5) Comment évaluer la bancabilité juridique d’un projet ?

De manière macrojuridique, la bancabilité d’un projet PPP ou DSP s’apprécie à l’aune des deux mots-clés suivants : certitude et transparence.

Degré de certitude offerte aux prêteurs en termes de rémunération/indemnisation de l’emprunteur par la personne publique (logique de détermination précise et/ou de plancher) et en termes de pénalités-autres compensations par la personne publique (logique d’exclusion et/ou de plafond).

Degré de transparence des risques pris par l’emprunteur (le plus souvent, une société de projet) et rebasculés sur ses partenaires industriels par le biais des sous-contrats (logique de back to back et de if and when, plafonds de responsabilité).

Concrètement, l’analyse juridique de bancabilité du projet conduit à examiner très attentivement le package de sûretés octroyées aux banques, les accords directs et conventions tripartites associant les banques et la personne publique et bien évidemment, les clauses dites financières du contrat principal dont le spectre est en définitive très large : structuration de la rémunération (loyers, préloyers, subventions, recettes tierces), pénalités de retard et de performance, causes légitimes exonératoires, procédure de mise à disposition, prise d’effet des actes d’acceptation Dailly, déclenchement du loyer (cas de retard, loyer de « rattrapage », durée fixe d’exploitation…), procédures et sanctions coercitives (mise en régie, déchéance), cas et valeurs de résiliation (prise en compte des coûts/gains de rupture des swaps, des coûts obligatoires ou additionnels…), modalités de fixation du taux d’intérêt (notamment avant mise à disposition et/ou en cas de recours pendant), clauses de refinancement, clauses de gestion des recours des tiers et mesures de retrait (indemnisation, poursuite ou non du contrat…).

6) En quoi les recettes annexes sont-elles une source d’optimisation du financement en contrat de partenariat ?

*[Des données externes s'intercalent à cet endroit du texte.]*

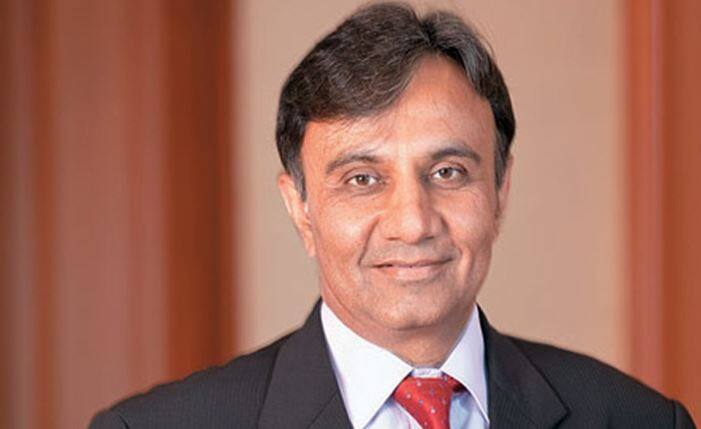 નવી દિલ્હીઃ વીડિયોકોન ગ્રુપને લોન આપવાના કૌભાંડ મુદ્દે આઈસીઆઈસીઆઈ બેંક દ્વારા આજે મોટું પગલું ભરવામાં આવ્યું હતું. બેંક દ્વારા આજે સંદીપ બક્ષીને COO બનાવવાની જાહેરાત કરવામાં આવી હતી. તપાસ પૂરી થશે ત્યાં સુધી ચંદા કોચર રજા પર રહેશે. બોર્ડ મીટિંગ બાદ આઈસીઆઈસીઆઈ બેંકે એક સ્ટેટમેન્ટ જાહેર કરીને આ જાણકારી આપી હતી.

Notre expérience sur des projets récents, de taille très importante comme de petite taille, nous enseigne que la bonification de l’opération, par le truchement de recettes tierces, est souvent réduite, sinon illusoire. Le principe de base qui consiste à maximiser l’utilisation, au profit de clients tiers, des investissements accomplis pour les besoins de la personne publique est assurément excellent. Toutefois, les projets à recettes tierces substantielles sont peu nombreux, soit parce que l’objet du contrat ne s’y prête guère (prisons, universités, bâtiments administratifs…), soit parce que le niveau des recettes prévisionnelles est trop incertain pour que les opérateurs privés prennent un risque de trafic ou de commercialisation conséquent.

De plus, sur les grands projets susceptibles de générer un potentiel élevé de recettes tierces (stades, bâtiments publics avec possibilité de valorisation immobilière…), les montages mis en place se sont heurtés à une complexification sensible du projet. Il a en effet été nécessaire, pour les besoins du financement, d’assurer une étanchéité maximale entre les deux parties du projet. Aussi, pour les PPP à valorisation immobilière du foncier public, l’approche juridico-financière des catégories d’investisseurs et de prêteurs est très différente selon qu’il s’agit du « projet public » répondant aux besoins de la personne publique (financement du projet) ou du « projet privé » répondant aux besoins de clients tiers (financement immobilier).